Now for the white supremacist angle. I recently received the following e-mail in response to a column I wrote about Edward Cornwallis, entitled "Idolizing Cornwallis insulting:"
"I am writing in response to an old article of yours that appeared in The Herald on July 11. Edward Cornwallis was a great man! He paved the way so that White Europeans (who are actually the true natives of North America; i.e., Kennewick Man) would have a better life.
"The micmacs were already killing Europeans, so Cornwallis decided it was time to fight back. Besides, a country belongs to the people that actually built it into a nation, and that was Whites! When indians have created, invented, devised and contributed to Canada what Whites have, then they can have a piece of the pie too. Until then, put a sock in it.
"Also, you are wrong once again. The majority of White Nova Scotians still do and always will idolize Cornwallis for doing what was in the best interest of Whites. I've even had a screen printing shop make up 100 T-shirts in support of him. How do you like them apples?"
Is the author pro-white or white supremacist? I would state unequivocally that he/she is a white supremacist. Then again, he/she could be pro-white. I can't define the difference; the line is invisible.
The groundless fear among many whites of a non-existent non-white desire to dispossess whites of everything, which feeds pro-white and white supremacist mania, will make the transition to a more equitable world, where wealth will be distributed evenly among all people, very difficult. Those who traditionally have held it all, without regard to the unfairness of the situation, will not be inclined to meet the challenge with a generous heart and share without being forced to do so. The following two examples bear witness to this.
The Atlantic fishery: Instead of seeing the inequities of the situation, where the Atlantic First Nations people were almost completely excluded from the fishery, and doing something to end the exclusion, the federal and provincial governments, and fishers' organizations, went to court and opposed sharing every inch of the way. First Nations are now included because the Supreme Court of Canada ordered it.

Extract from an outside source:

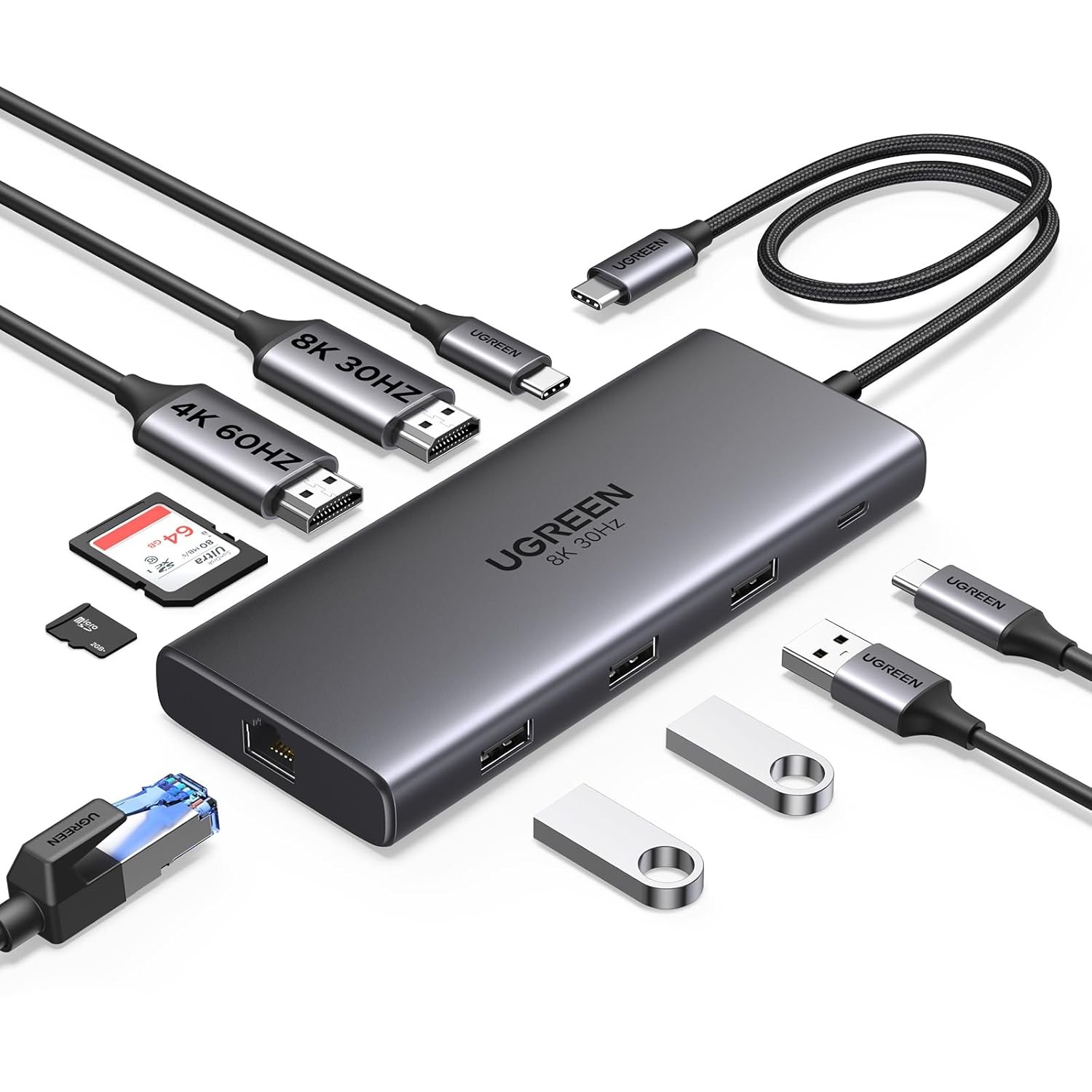 UGREEN 10-in-1 USB C Docking Station, Dual HDMI 4K@60Hz, Single 8K@30Hz, 100W PD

Zimbabwe farmlands: When Great Britain went into Africa and appropriated Zimbabwean lands without paying compensation, it set the stage for the dispossession crisis that the country's white farmers now face. However, with a little generosity and a sense of fairness on the part of white farmers, the crisis could have been prevented. If they had, when the country became independent from Great Britain several decades ago, accepted the unfairness of a situation where a small minority owned more than 70 per cent of the country's farmland, because of unfair acquisition, engaged the government in a scheme that would have eventually redressed the situation, there would be no crisis today.
But because they didn't opt to share, they are now losing it all to the Zimbabwean government's heavy-handed expropriation scheme. I don't approve of the method being used by Robert Mugabe, the country's president, to accomplish land reform; I think a better way could have been found. But it provides an excellent example of what happens when sharing isn't done voluntarily.
White extremism is not the answer. Sharing is. By using it, conflicts can be avoided and an equitable world society built.